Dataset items
**********

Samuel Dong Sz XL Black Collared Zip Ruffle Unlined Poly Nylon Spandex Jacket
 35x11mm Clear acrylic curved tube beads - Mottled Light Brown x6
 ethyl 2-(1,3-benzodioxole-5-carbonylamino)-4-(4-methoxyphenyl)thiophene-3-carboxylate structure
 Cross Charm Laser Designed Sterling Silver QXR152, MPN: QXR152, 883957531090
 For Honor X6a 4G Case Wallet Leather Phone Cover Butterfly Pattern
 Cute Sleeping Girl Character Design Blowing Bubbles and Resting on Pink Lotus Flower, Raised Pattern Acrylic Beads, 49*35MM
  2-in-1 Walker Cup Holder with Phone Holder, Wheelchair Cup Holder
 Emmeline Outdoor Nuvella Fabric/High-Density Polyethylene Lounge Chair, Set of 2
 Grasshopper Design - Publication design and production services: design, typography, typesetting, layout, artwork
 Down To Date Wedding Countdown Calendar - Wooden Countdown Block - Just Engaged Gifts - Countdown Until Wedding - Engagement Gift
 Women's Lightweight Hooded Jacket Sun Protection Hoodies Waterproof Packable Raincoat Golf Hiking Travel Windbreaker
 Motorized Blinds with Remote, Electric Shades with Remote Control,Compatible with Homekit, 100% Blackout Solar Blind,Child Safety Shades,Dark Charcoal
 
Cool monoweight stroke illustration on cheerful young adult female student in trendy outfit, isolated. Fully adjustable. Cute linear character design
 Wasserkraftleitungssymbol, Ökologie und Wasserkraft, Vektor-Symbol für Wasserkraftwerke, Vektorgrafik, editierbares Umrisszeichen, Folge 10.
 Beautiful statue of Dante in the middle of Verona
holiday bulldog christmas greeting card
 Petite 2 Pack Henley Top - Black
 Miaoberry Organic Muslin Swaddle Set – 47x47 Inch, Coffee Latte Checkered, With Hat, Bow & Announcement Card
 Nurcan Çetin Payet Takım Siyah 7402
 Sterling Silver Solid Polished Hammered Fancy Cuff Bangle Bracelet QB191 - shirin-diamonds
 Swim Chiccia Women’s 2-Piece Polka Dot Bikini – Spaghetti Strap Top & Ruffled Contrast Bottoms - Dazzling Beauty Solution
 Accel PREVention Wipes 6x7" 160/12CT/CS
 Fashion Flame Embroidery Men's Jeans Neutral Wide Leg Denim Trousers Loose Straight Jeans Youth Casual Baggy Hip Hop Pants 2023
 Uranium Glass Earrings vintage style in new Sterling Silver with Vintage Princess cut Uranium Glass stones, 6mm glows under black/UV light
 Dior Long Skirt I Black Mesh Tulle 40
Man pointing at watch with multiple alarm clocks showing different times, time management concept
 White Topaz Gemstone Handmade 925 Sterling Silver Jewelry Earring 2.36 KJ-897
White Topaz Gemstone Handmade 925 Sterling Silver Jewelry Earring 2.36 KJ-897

**********

Retype each line of the data exactly as it reads.

Samuel Dong Sz XL Black Collared Zip Ruffle Unlined Poly Nylon Spandex Jacket
 35x11mm Clear acrylic curved tube beads - Mottled Light Brown x6
 ethyl 2-(1,3-benzodioxole-5-carbonylamino)-4-(4-methoxyphenyl)thiophene-3-carboxylate structure
 Cross Charm Laser Designed Sterling Silver QXR152, MPN: QXR152, 883957531090
 For Honor X6a 4G Case Wallet Leather Phone Cover Butterfly Pattern
 Cute Sleeping Girl Character Design Blowing Bubbles and Resting on Pink Lotus Flower, Raised Pattern Acrylic Beads, 49*35MM
  2-in-1 Walker Cup Holder with Phone Holder, Wheelchair Cup Holder
 Emmeline Outdoor Nuvella Fabric/High-Density Polyethylene Lounge Chair, Set of 2
 Grasshopper Design - Publication design and production services: design, typography, typesetting, layout, artwork
 Down To Date Wedding Countdown Calendar - Wooden Countdown Block - Just Engaged Gifts - Countdown Until Wedding - Engagement Gift
 Women's Lightweight Hooded Jacket Sun Protection Hoodies Waterproof Packable Raincoat Golf Hiking Travel Windbreaker
 Motorized Blinds with Remote, Electric Shades with Remote Control,Compatible with Homekit, 100% Blackout Solar Blind,Child Safety Shades,Dark Charcoal
 
Cool monoweight stroke illustration on cheerful young adult female student in trendy outfit, isolated. Fully adjustable. Cute linear character design
 Wasserkraftleitungssymbol, Ökologie und Wasserkraft, Vektor-Symbol für Wasserkraftwerke, Vektorgrafik, editierbares Umrisszeichen, Folge 10.
 Beautiful statue of Dante in the middle of Verona
holiday bulldog christmas greeting card
 Petite 2 Pack Henley Top - Black
 Miaoberry Organic Muslin Swaddle Set – 47x47 Inch, Coffee Latte Checkered, With Hat, Bow & Announcement Card
 Nurcan Çetin Payet Takım Siyah 7402
 Sterling Silver Solid Polished Hammered Fancy Cuff Bangle Bracelet QB191 - shirin-diamonds
 Swim Chiccia Women’s 2-Piece Polka Dot Bikini – Spaghetti Strap Top & Ruffled Contrast Bottoms - Dazzling Beauty Solution
 Accel PREVention Wipes 6x7" 160/12CT/CS
 Fashion Flame Embroidery Men's Jeans Neutral Wide Leg Denim Trousers Loose Straight Jeans Youth Casual Baggy Hip Hop Pants 2023
 Uranium Glass Earrings vintage style in new Sterling Silver with Vintage Princess cut Uranium Glass stones, 6mm glows under black/UV light
 Dior Long Skirt I Black Mesh Tulle 40
Man pointing at watch with multiple alarm clocks showing different times, time management concept
 White Topaz Gemstone Handmade 925 Sterling Silver Jewelry Earring 2.36 KJ-897
White Topaz Gemstone Handmade 925 Sterling Silver Jewelry Earring 2.36 KJ-897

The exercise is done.